SOURCE MATERIAL section start

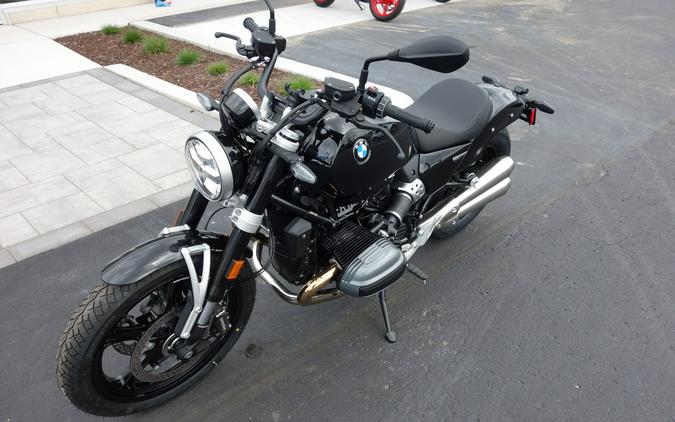 2024 BMW R12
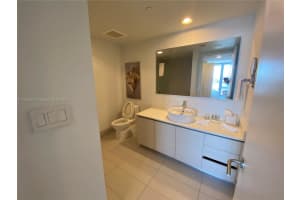 2602 E Hallandale Beach Blvd r1105, Hallandale Beach, FL 33009, Sold 05/25/22
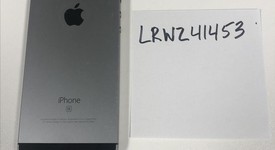 Fair
													Apple iPhone SE 1st Gen 2016 - Unlocked, Grey, 64 GB, A1662, photo 2 of 6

SOURCE MATERIAL section end

From the data above, write out everything exactly except the pictures.

ANSWER TO THE PROBLEM:
 2024 BMW R12
 2602 E Hallandale Beach Blvd r1105, Hallandale Beach, FL 33009, Sold 05/25/22
 Fair
													Apple iPhone SE 1st Gen 2016 - Unlocked, Grey, 64 GB, A1662, photo 2 of 6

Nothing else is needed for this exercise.